--- Source records ---
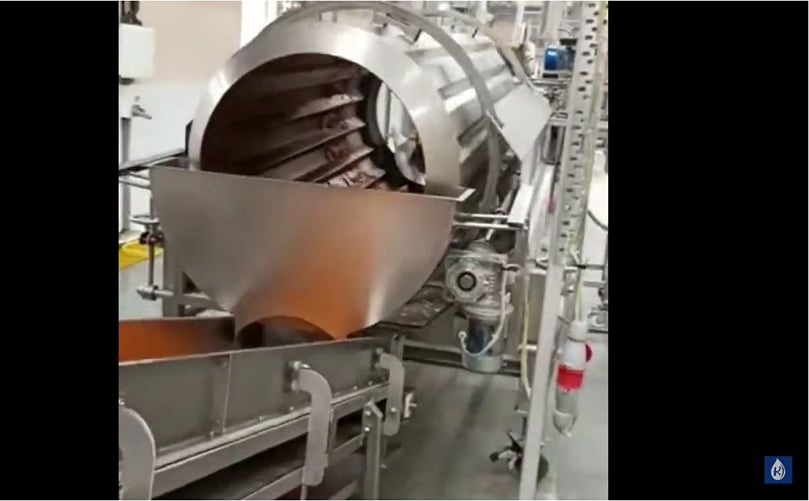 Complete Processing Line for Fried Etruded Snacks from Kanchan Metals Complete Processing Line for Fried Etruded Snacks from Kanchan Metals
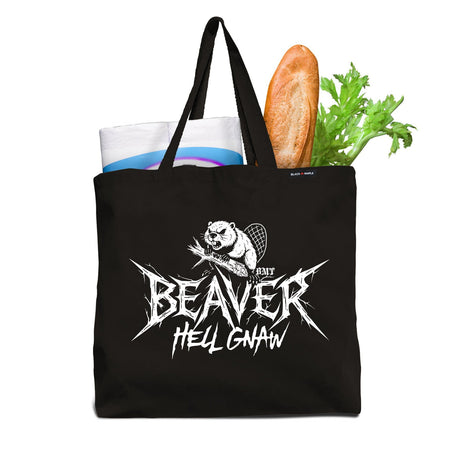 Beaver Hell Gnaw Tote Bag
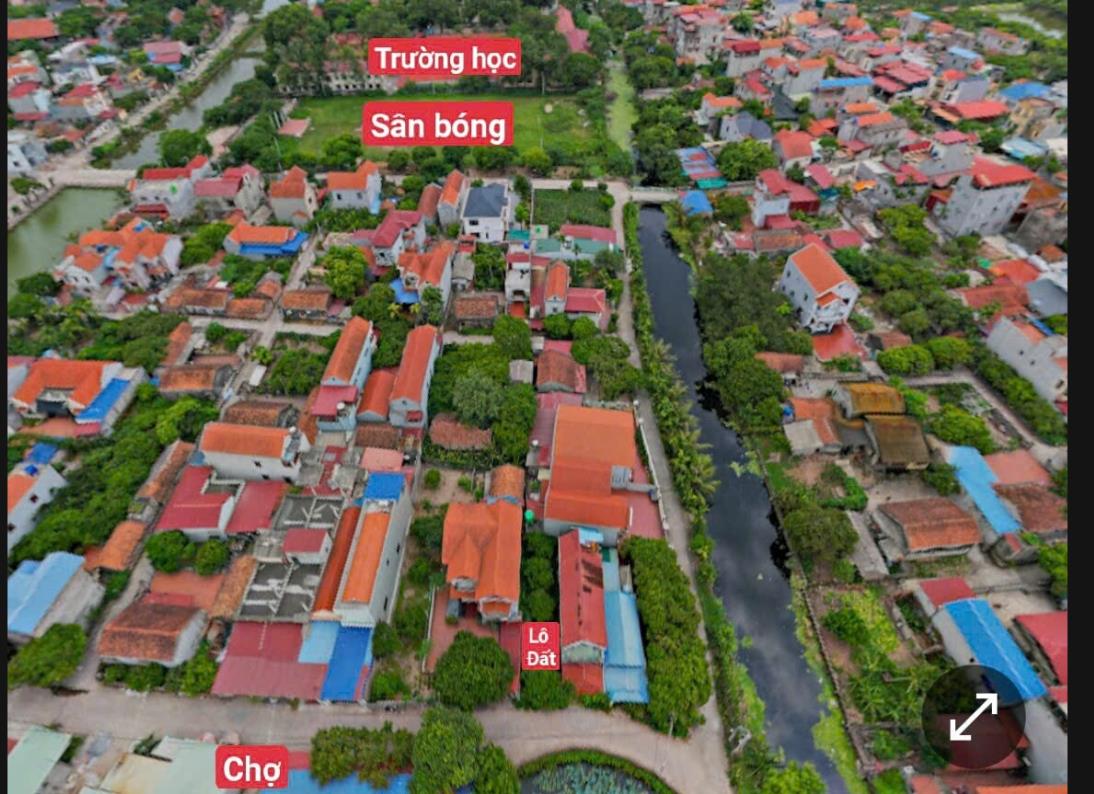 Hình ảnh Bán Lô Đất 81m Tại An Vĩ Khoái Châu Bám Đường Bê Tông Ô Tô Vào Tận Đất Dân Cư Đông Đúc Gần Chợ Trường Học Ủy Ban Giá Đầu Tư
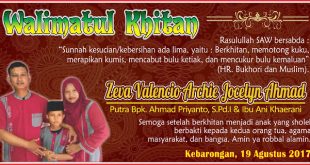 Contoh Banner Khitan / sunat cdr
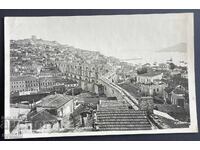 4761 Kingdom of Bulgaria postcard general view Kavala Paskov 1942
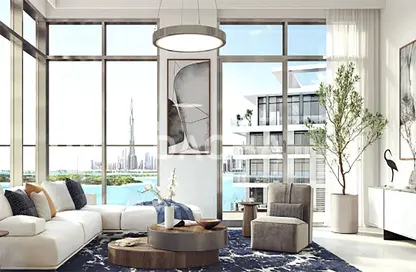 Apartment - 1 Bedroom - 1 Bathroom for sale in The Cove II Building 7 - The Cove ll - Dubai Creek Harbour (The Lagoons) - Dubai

--- Exercise details ---
Set out every record exactly, images excluded.

--- Response area ---
 Complete Processing Line for Fried Etruded Snacks from Kanchan Metals Complete Processing Line for Fried Etruded Snacks from Kanchan Metals
 Beaver Hell Gnaw Tote Bag
 Hình ảnh Bán Lô Đất 81m Tại An Vĩ Khoái Châu Bám Đường Bê Tông Ô Tô Vào Tận Đất Dân Cư Đông Đúc Gần Chợ Trường Học Ủy Ban Giá Đầu Tư
 Contoh Banner Khitan / sunat cdr
 4761 Kingdom of Bulgaria postcard general view Kavala Paskov 1942
 Apartment - 1 Bedroom - 1 Bathroom for sale in The Cove II Building 7 - The Cove ll - Dubai Creek Harbour (The Lagoons) - Dubai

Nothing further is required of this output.